Frohnau wurde vor dem ersten Weltkrieg als utopische Gartenstadt angelegt. Jugendstil, schön geplante Plätze, viel Grün, ein elegantes Bahnhofsgebäude, in dem man gern Besuch vom Lande oder aus der stinkenden Großstadt empfängt, keine Straße schnurgerade, sondern organisch wie die pflanzenhaften Jugendstilornamente, keine langweiligen Symmetrien wie bei Sowjetischen Ehrenmalen, alle Straßen mit modernstem Kopfsteinpflaster versehen. Diese Utopie hat sich bis heute bewährt.
Für einen neuen solchen Ortsteil im Norden lagen schon die Pflasterstraßen, da brach dann der Weltkrieg aus, und es ging nicht weiter. Die Straßenbäume haben sich seither zu einem Wald ausgewachsen.
Welcher Weltkrieg? Der, der damals noch nicht nummeriert war. Auf einem der Hundegräber bei Haus Doorn steht: SENTA – begleitete seine Majestät Kaiser Wilhelm II. im Weltkrieg.

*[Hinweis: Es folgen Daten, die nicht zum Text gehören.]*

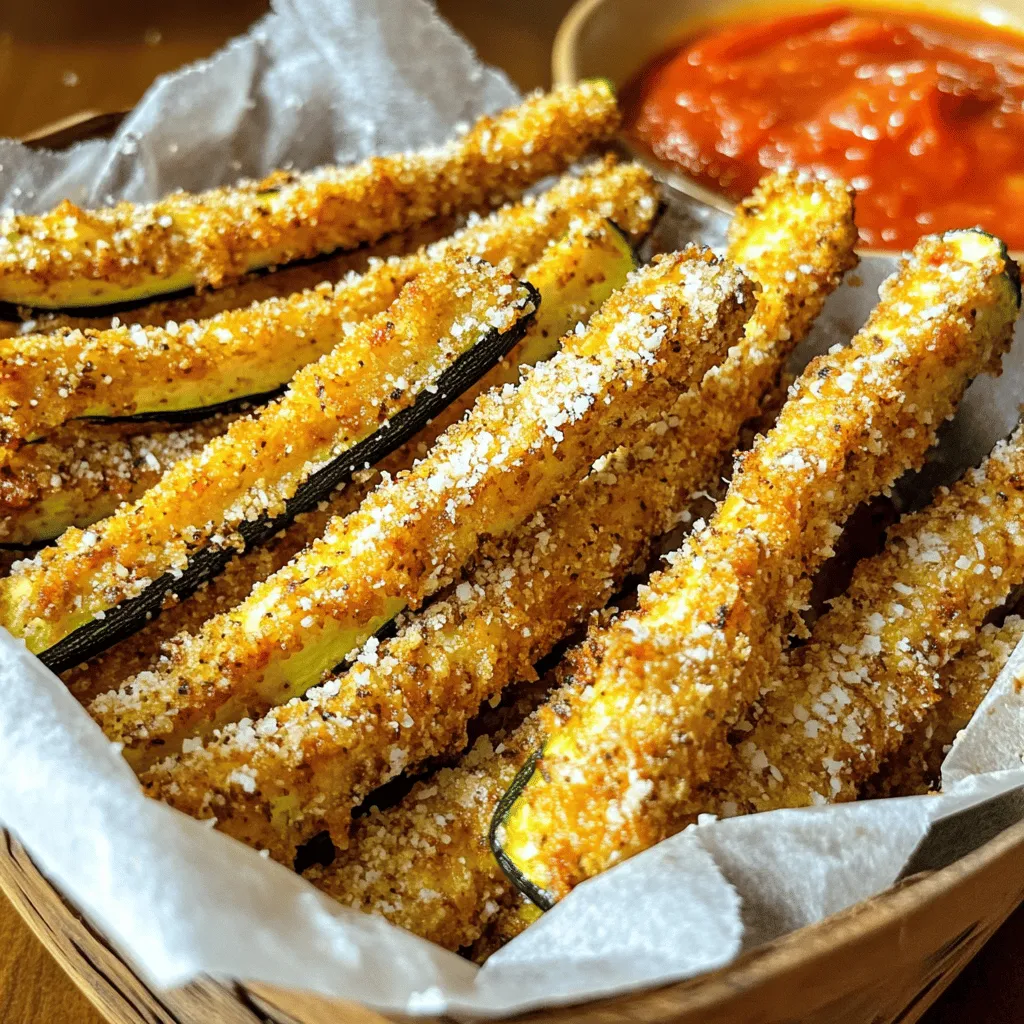 - 2 medium zucchinis, sliced into fry-shaped sticks - 1 cup almond flour - 1/2 cup freshly grated Parmesan cheese - 2 large eggs - 1 teaspoon garlic powder - 1 teaspoon onion powder - 1 teaspoon dried oregano - Salt and freshly ground black pepper to taste - Olive oil cooking spray - Calories per serving: About 150 calories - Total carbs per serving: Approximately 8 grams - Macros breakdown: - Protein: 6 grams - Fat: 10 grams - Fiber: 2 grams Zucchini fries are a great snack. They are low in carbs and gluten-free. Each serving gives you a nice boost of healthy fats and protein, too. Almond flour and Parmesan make them crispy and tasty. You can enjoy these fries without the guilt! When you make this dish, you get fresh zucchinis packed with nutrients. Plus, you can customize the spices to match your taste. I love adding garlic and onion powder for extra flavor. It all comes together in a yummy way. For the full experience, check out the Full Recipe. This recipe makes it easy to enjoy a healthy snack that feels indulgent. 1. Preheat your oven to 425°F (220°C). This high heat helps the fries crisp up nicely. 2. Line a baking sheet with parchment paper. This prevents the fries from sticking and makes cleanup easy. 1. In a shallow dish, mix the almond flour, Parmesan cheese, garlic powder, onion powder, and oregano. Add a pinch of salt and pepper for flavor. 2. In another bowl, crack the two eggs and beat them until they are frothy. This air helps the coating stick well. 1. Take each zucchini stick and dip it into the beaten eggs. Make sure both sides are coated. 2. Roll the egg-coated stick in the almond flour mix. Press lightly to cover the zucchini well. This creates the crispy outer layer. 1. Arrange the coated fries on your prepared baking sheet in a single layer. This allows hot air to circulate evenly. 2. Lightly spray the tops with olive oil. This aids in achieving a golden crisp. 3. Bake in the preheated oven for 20-25 minutes. Flip the fries halfway through for even crispiness. 4. Once they are golden brown and crispy, remove them from the oven. Let them cool for a few minutes on the baking sheet. This step enhances their crispiness. For the complete recipe, check out the [Full Recipe]. To get the best crispiness from your zucchini fries, space them well on the baking sheet. If they are too close, they will steam instead of crisp. A single layer works best. When you bake, preheat the oven to 425°F (220°C). This high heat helps the fries cook fast and crisp up nicely. Remember to flip them halfway through baking. This step ensures all sides get that golden crunch. Zucchini fries can be fun with flavor. You can add spices like paprika or cayenne for heat. A dash of smoked salt gives a great twist. For dipping sauces, marinara is a classic choice. Try ranch or garlic aioli for a fresh taste. You can even mix yogurt with herbs for a cool dip. These options will elevate your fries and make them even more tasty! To serve your crispy fries, use a basket lined with parchment paper. This gives it a fun, rustic look. You can sprinkle fresh herbs like parsley or chives on top for a pop of color. For a creative touch, serve your fries with a side of assorted dips. This makes it a fun dining experience. You can even add a squeeze of lemon to brighten the flavors. Enjoy your crispy zucchini fries in style! {{image_4}} You can change up the coating for zucchini fries. Try using coconut flour or chickpea flour instead of almond flour. Each flour offers a different texture and flavor. You can also add herbs like thyme or rosemary to the coating. Spices like paprika or chili powder can give your fries a kick. Experiment with different flavors to find what you love. If you want a vegan version, switch the eggs for flaxseed meal. Mix one tablespoon of flaxseed meal with two and a half tablespoons of water. Let it sit for a few minutes to thicken. For a cheesy flavor, sprinkle in some nutritional yeast instead of Parmesan cheese. This makes your fries tasty and keeps them plant-based. Get creative with your zucchini fries by adding cheese blends to the coating. A mix of mozzarella and cheddar can give a richer taste. You can also use spices that reflect different cultures. Consider using curry powder for an Indian twist or taco seasoning for a Mexican flair. These little changes can take your fries from good to great. To keep your cooked zucchini fries fresh, let them cool first. Place them in an airtight container. I recommend using glass containers for the best results. They help prevent moisture build-up. You can store them in the fridge for up to 3 days. If you want to keep them longer, freezing is an option. When it's time to enjoy your leftovers, reheating is key for crispiness. The best method is to use an oven. Preheat it to 375°F (190°C). Place the fries on a baking sheet and reheat for about 10 minutes. This helps the fries regain their crunch. Avoid using a microwave if you can. Microwaving often makes fries soft and soggy. If you must use it, keep the time short, and check often. Always aim to keep that crispy texture. To make zucchini fries crispy, focus on a few key factors: - Dry the zucchini: Remove excess moisture by patting the zucchini strips dry with paper towels. - Use almond flour: Almond flour gives a great crunch. It coats well and crisps in the oven. - Space them out: Place the fries in a single layer without touching. This helps air circulate. - Spray with oil: Use olive oil cooking spray on top for extra crispiness. Yes, zucchini fries are healthy! Zucchini is low in calories and high in nutrients. - Low in carbs: They fit well in low-carb diets. - Rich in vitamins: Zucchini is full of vitamin C and potassium. - High in fiber: Fiber helps with digestion and keeps you full longer. You can freeze gluten-free zucchini fries! Here’s how: - Before baking: Coat the zucchini fries as usual. - Lay them flat: Place them on a baking sheet and freeze until solid. - Store in bags: Once frozen, transfer to freezer bags. This prevents clumping. - Thaw before baking: When ready to eat, thaw in the fridge and bake as usual. Zucchini fries pair well with many sides and dips! Here are some ideas: - Dipping sauces: Marinara, ranch, or garlic aioli work great. - Sides: Serve with a fresh salad or grilled chicken. - Toppings: Sprinkle with fresh herbs for added flavor. Zucchini fries last up to three days in the fridge. Here are some tips: - Store in a container: Use an airtight container to keep them fresh. - Reheat properly: Use an oven or air fryer to keep them crispy when reheating. - Check for spoilage: If they look or smell off, it’s best to discard them. For the full recipe, check out the Crispy Zucchini Fries 🥒 section! Zucchini fries are a great snack with a tasty twist. We covered the key ingredients, step-by-step cooking, and tips for maximum crispiness. Plus, we discussed fun flavor variations and easy storage methods. Enjoy these healthy bites as a snack or side. With the right techniques, you can elevate any meal. Don't forget to get creative with spices and sauces. Your kitchen will become a hub of delicious flavors. Dive in and savor the joy of making zucchini fries!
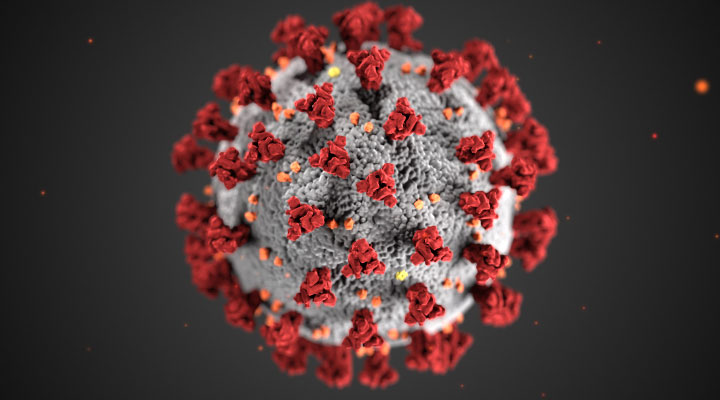 Computer generated image of coronavirus, COVID-19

Zwischen Berlin und Hohen Neuendorf fährt nun wieder die S-Bahn nach Oranienburg. Sie fährt dicht an der Invalidensiedlung entlang, dem nördlichsten Teil von West-Berlin. Invalidensiedlung? Die wurde 1938 unter Hitler angelegt, vor der Stadt, sogar aus Sichtweite von Frohnau. Wenn das nicht von Weitblick zeugt.
Das restliche Stück Mauerweg mag ich am liebsten. Es ist abwechslungsreich, bietet viel zu entdecken und hat an einem strategischen Punkt ein Bayrisches Gartenlokal mit Strand am Havel-Ufer.
Vom Bahnhof Staaken gelangt man nur einmal pro Stunde in die zivilisierte Welt. Wenn man Zeit übrig hat, empfiehlt sich die Erkundung der Gartenstadt Staaken, an der man kurz vor dem Bahnhof vorbei kommt. Auch dies war eine utopische Anlage, diesmal aber für viel weniger reiche Leute, und auch sie ist gelungen und immer noch schön.
Außer der Berliner Mauer gab und gibt es noch mehr Mauern.